Mr Goghlan is not the only expert who expects that inflation may force the BoE and other central banks to act.

Rachel Winter, an Associate Investment Director at Killik & Co, commented: “As expected, the Bank of England has left interest rates on hold for the time being.

“However, given the speed with which events have outstripped projections, and with some economists predicting inflation could peak around four percent and linger above target, the central bank will need to monitor prices very closely over the coming months.

“Inflation is currently being driven by a number of factors including rising oil prices, global supply chain issues and mismatches in the labour market that have caused wage growth, and a worsening of the situation may force the central bank to take action sooner rather than later.

“Savers are the losers in this low interest rate environment, with the value of cash being eroded by inflation.

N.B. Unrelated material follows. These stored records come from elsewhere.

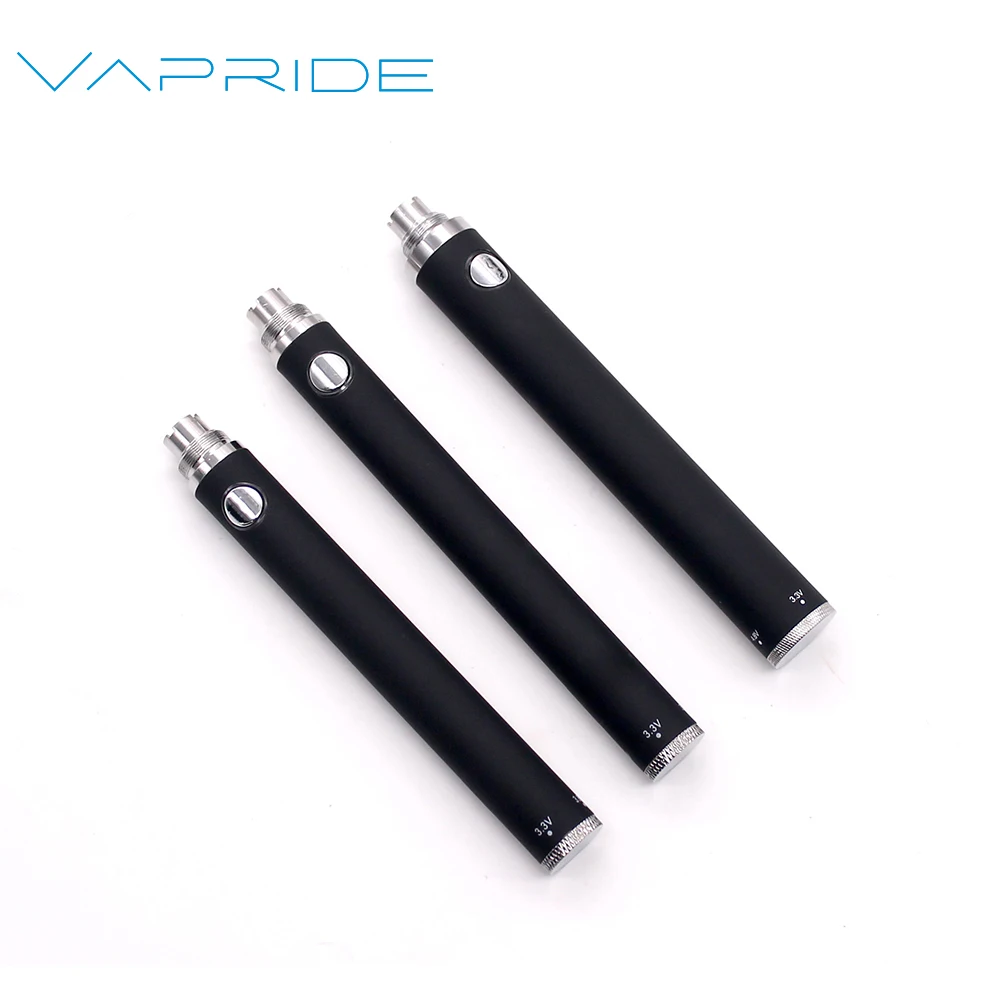 Высокое качество, Лидер продаж, аккумулятор VAPRIDE Evod Twist 510 Thread Vape Pen 650/900/1100 мАч 3,3-4,8 в
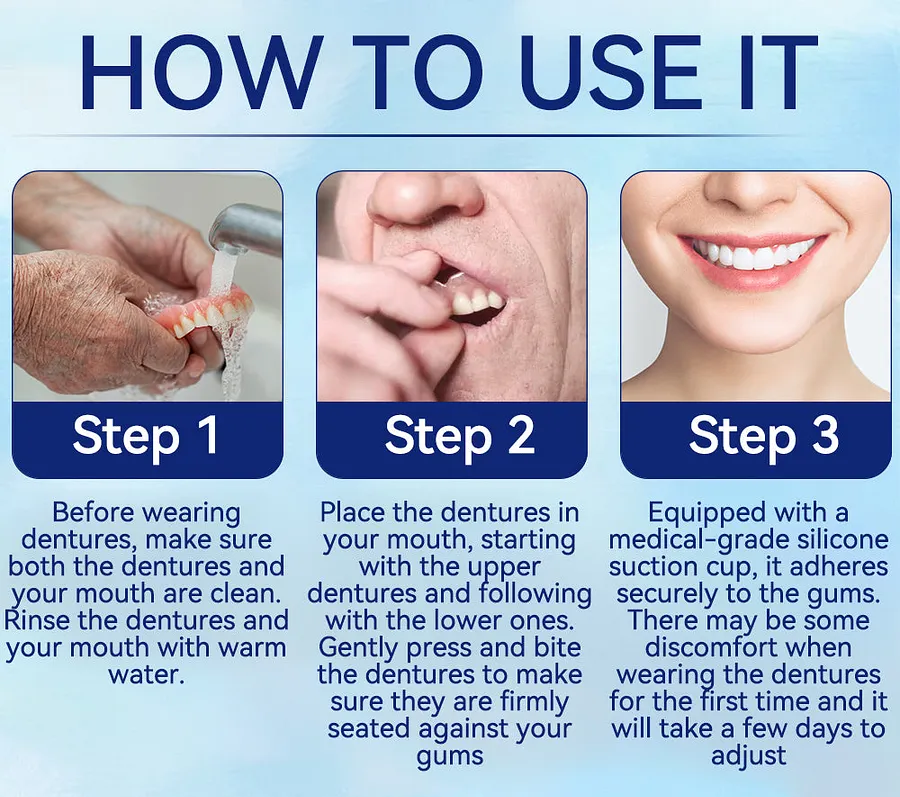 BQYOOM™ Adsorption Dentures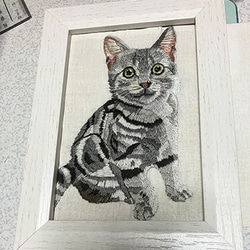うちのこ猫刺繍 1枚目の画像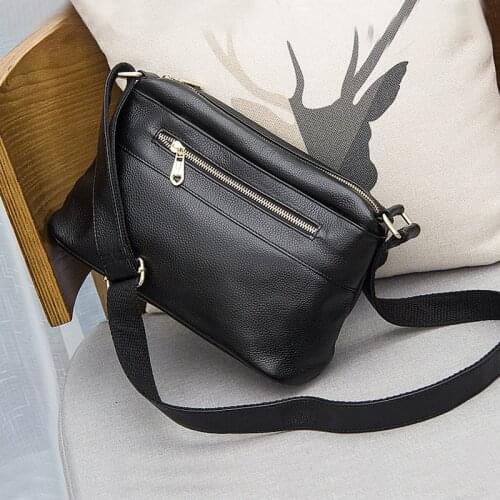 Ladies Genuine Leather Shoulder Bag Women Crossbody Bags Female Messenger Bag Fashion Tote Purse Luxury Party Womens Handbags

“While keeping a rainy-day fund in the bank is highly recommended, those with high levels of cash could consider taking more risk and investing in the stock market in order to generate above-inflation returns.”

Rising inflation is not just pressuring the UK, with the economic powerhouses of America and China also seeing increased pressures.

On August 11, US inflation data was released and Jason Cozens, the Founder & CEO of Glint, examined the figures.

Mr Cozens said: “We’re in the midst of an economic climate where a month without a spike in inflation is almost cause for celebration. However, inflation was still higher than forecast suggesting that the Fed is yet to get a real grip on this escalating issue.

“Inflation is a global problem – in the UK, the Bank of England has admitted that four percent inflation is likely this year after its initial two percent target was surpassed months ago, whilst in China, producer price inflation is rising at an increasingly rapid pace, hitting nine percent last month. Could we see these costs piled onto the global consumer before long? If so, then consumers will be in for an even tougher few months.

“Raising interest rates would provide a boost to consumers but of course then Governments would have to worry about repaying the huge amounts of national borrowing and debt that has been collated. In the US, national debt is already at 108 percent of GDP, how can this be repaid if interest rates rise? It’s a vicious circle which punishes consumers and savers most of all.”